Pareille réalité invite à poser LA question : Comment le niveau des hypothèques a-t-il pu exploser à ce point-là au cours des 30 dernières années? Parce que le système financier est devenu très créatif. Une panoplie de manoeuvres a été élaborée : diminution de la mise de fonds pour obtenir une hypothèque; augmentation de la période d’amortissement; baisse du taux d’hypothécaire dû à la baisse du taux directeur de la Banque du Canada.

Avec quel résultat? Une explosion de la dette hypothécaire canadienne, que le revenu national a d’énormes difficultés à soutenir, surtout à cause de la hausse des taux d’intérêt qu’on connaît.
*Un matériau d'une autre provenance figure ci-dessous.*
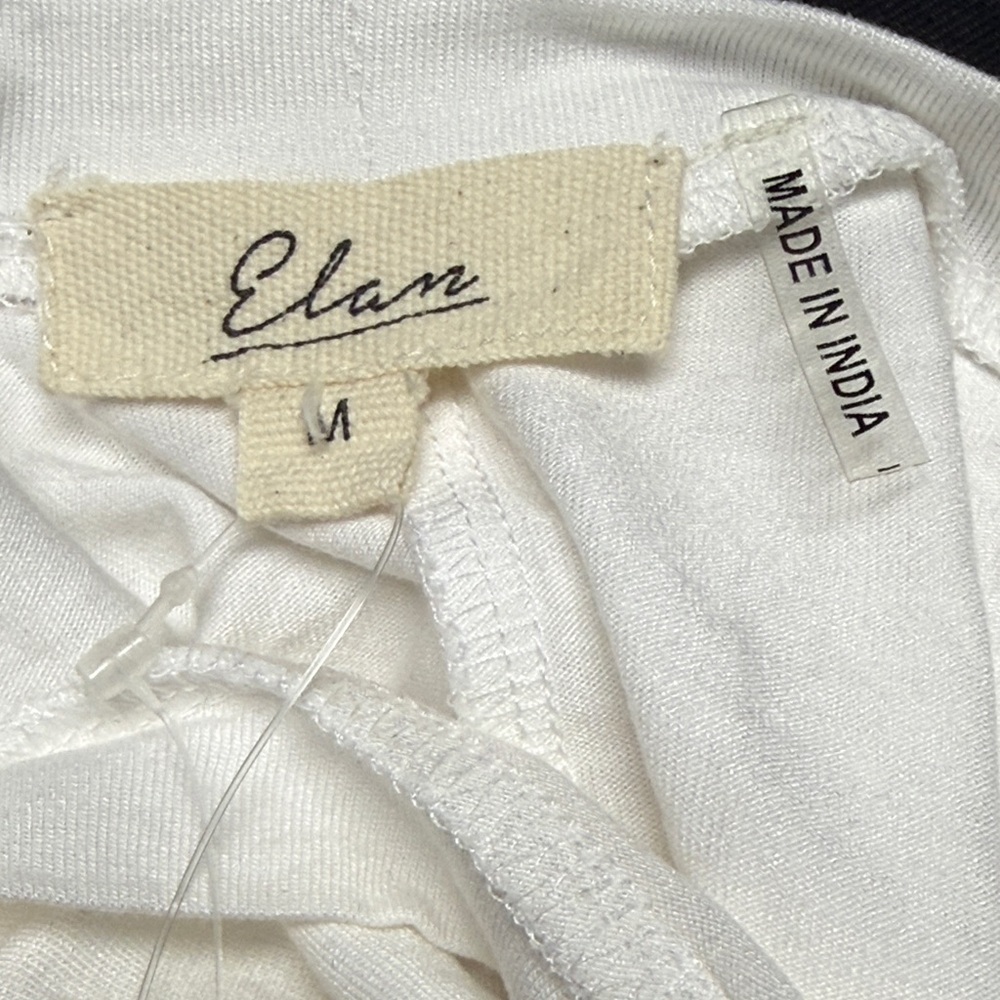 Elan White Sleeveless Tshirt Dress - Picture 2 of 11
Conséquences sur les jeunes ménages

Une conséquence de la forte croissance des prix du logement est que les jeunes ménages ont beaucoup de difficultés à en obtenir un. En ce moment au Canada, le ratio dette/revenu se situe à 185 %, comparativement à 125 % pour la moyenne des pays du G7.
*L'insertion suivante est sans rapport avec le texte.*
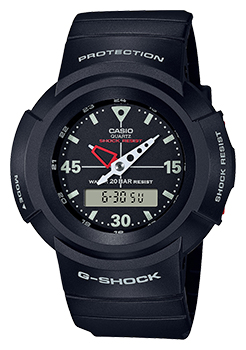 AW-500E-1E 黒い樹脂のアナデジG-SHOCK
Généralement, l’immobilier représente 55 % de la richesse d’un ménage canadien. Mais pour un jeune ménage, l’immobilier représente 89 % de sa richesse, ce qui le rend plus vénérable aux hausses des taux d’intérêt ou à un effondrement de l’immobilier.

La hausse des coûts de financement pousse les jeunes ménages à se tourner vers leurs parents. En 2015, 20 % des jeunes couples étaient aidés par leurs parents. Ce pourcentage était monté à 30 % en 2022. En termes de dollars, l’aide est passée de 52 000 $ à 82 000 $. Les jeunes couples gagnent à avoir des parents riches.

Le profit plutôt que la justice sociale

Il faut retenir que le système financier a délaissé l’investissement dans du capital productif pour se tourner vers l’immobilier. Cette approche affecte la croissance économique du Canada qui, relativement à d’autres pays du G7, connaît des faiblesses de productivité.

Voilà ce qui arrive quand les logements deviennent des instruments d’investissement et non de simples biens de consommation. Alors que d’un point de vue de justice sociale, les logements devraient être compris comme des biens de consommation pensés sur le long terme.